Medicine and Society
Aug 2012

Will Personalized Medicine Challenge or Reify Categories of Race and Ethnicity?

Ramya Rajagopalan, PhD and Joan H. Fujimura, PhD
Virtual Mentor. 2012;14(8):657-663. doi: 10.1001/virtualmentor.2012.14.8.msoc1-1208.

 

In the last 5 years, medical geneticists have been conducting studies to examine possible links between DNA and disease on an unprecedented scale, using newly developed DNA genotyping and sequencing technologies to quickly search the genome. These techniques have also allowed researchers interested in human genetic variation to begin to catalogue the range of genetic similarities and differences that exist across individuals from around the world, through initiatives such as the International Haplotype Mapping Project [1]. These studies of human genetic variation promise to produce new kinds of information about our DNA, but they have also raised ethical questions.

Early results from genome-wide studies of possible links between DNA and various medical conditions are being used by various actors to develop what they call “personalized medicine,” the effort to tailor and individualize diagnoses and treatments for use during routine medical care. The promises of personalized medicine are built on the idea that each individual’s genome is unique. They are also built on the idea that genetic variation among individuals will help explain differential susceptibilities to disease and why some patients respond better to some treatments than others. To this end, researchers have focused on characterizing genetic differences between individuals and groups.

Researchers refer to the genomic sites where these genetic differences occur as SNPs (single nucleotide polymorphisms) and CNVs (copy number variations). These “genetic markers” of human variation are thought to comprise only a tiny proportion, around 0.5 percent, of the roughly 3 billion bases that make up a human genome [2]. Still, many medical genetics researchers are exploring these differences, which they argue may be medically relevant. By genotyping or sequencing the genomes of thousands (and in some cases hundreds of thousands) of individuals, genetics researchers have generated several tools that are being used to dissect the possible contributions of differences in DNA to common diseases. They are also investigating links between genetic variation and differences in patients’ responses to drugs or other medical treatments, a set of practices which has given rise to the field of pharmacogenomics.

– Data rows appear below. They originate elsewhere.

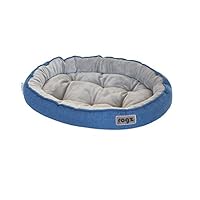 Rogz Oval Pod Cat Bed, Blue, Small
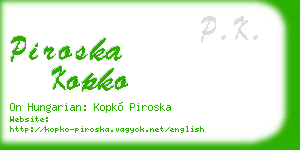 piroska kopko business card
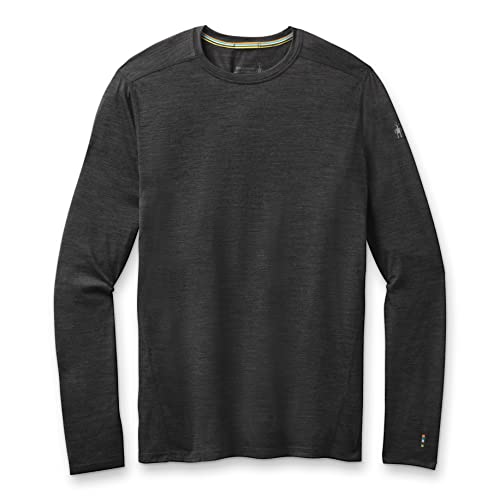 Smartwool Men's Classic All-Season Merino Base Layer Long Sleeve, Iron Heather, XL von Smartwool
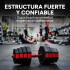 Set de Mancuernas Ajustables 3 En 1 30 Kg Mancuernas + Barra Color Negro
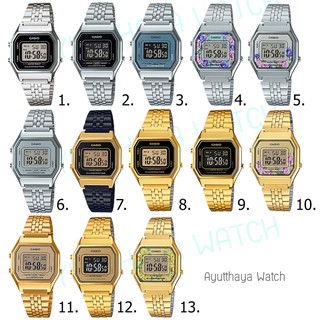 [ของแท้] Casio นาฬิกาข้อมือ รุ่น LA680WGA, LA680WA , LA680WEGB ของแท้ รับประกัน 1 ปี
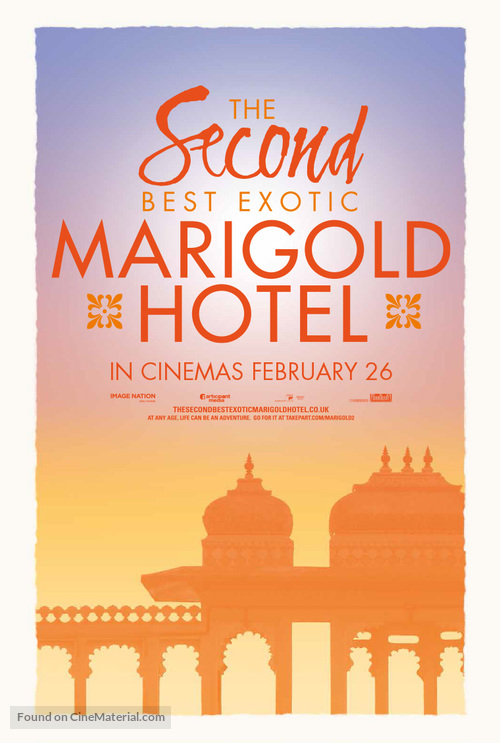 The Second Best Exotic Marigold Hotel - British Movie Poster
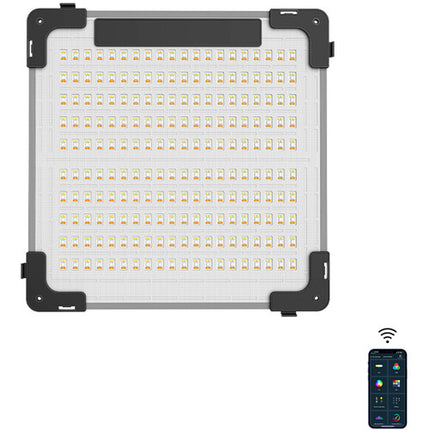 GVM B100C Panel LED RGB Plegable 17.7x17.7" 3830 Lux 2000-10000K Kit Completo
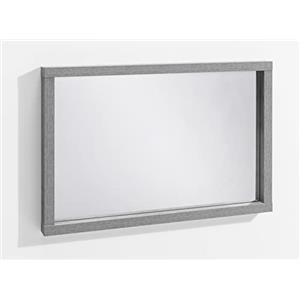 Composad | Specchio della Linea LAFABRICA con Cornice in Legno, Specchio Bagno, Ingresso e Soggiorno, Specchio Moderno, (LxAxP) 90x6x60 cm, Colore Grigio Cemento, Made in Italy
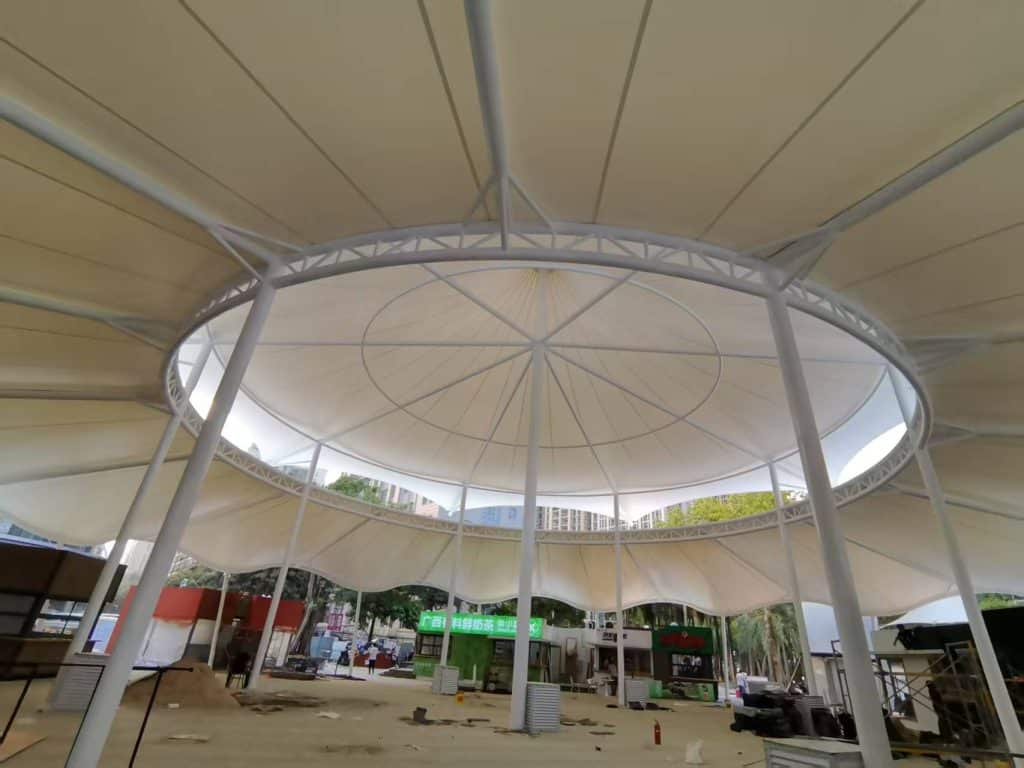 Membrane Installation Progress at Min'ge Lake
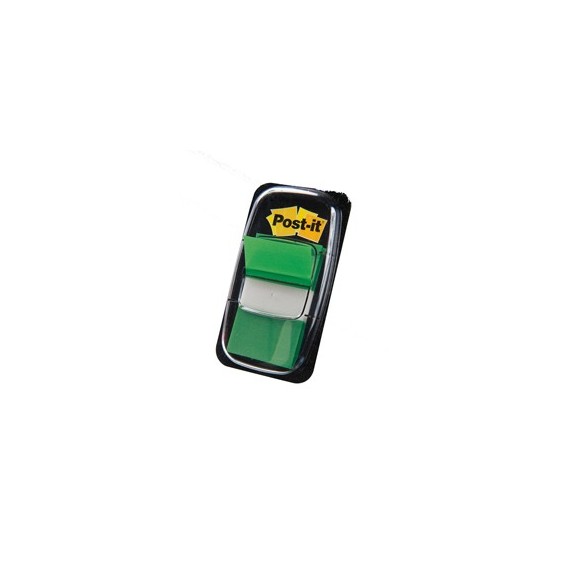Segnapagina Post it® Index Medium - 680-3 - 25,4x43,2 mm - verde - Post it® - conf. 50 pezzi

As noted above, the basic premise of efforts to develop personalized medicine is that each individual is genetically unique. However, many individuals may have some genetic markers in common, such as a particular genetic variant that might be related to a particular disease. In order to make statistically meaningful assessments, researchers document how often they have observed a particular genetic variant in a particular group of people. One challenge they continue to face is how to select and delineate these particular groups of people, and how to report these genetic “frequencies” in ways that might be meaningful for medical purposes.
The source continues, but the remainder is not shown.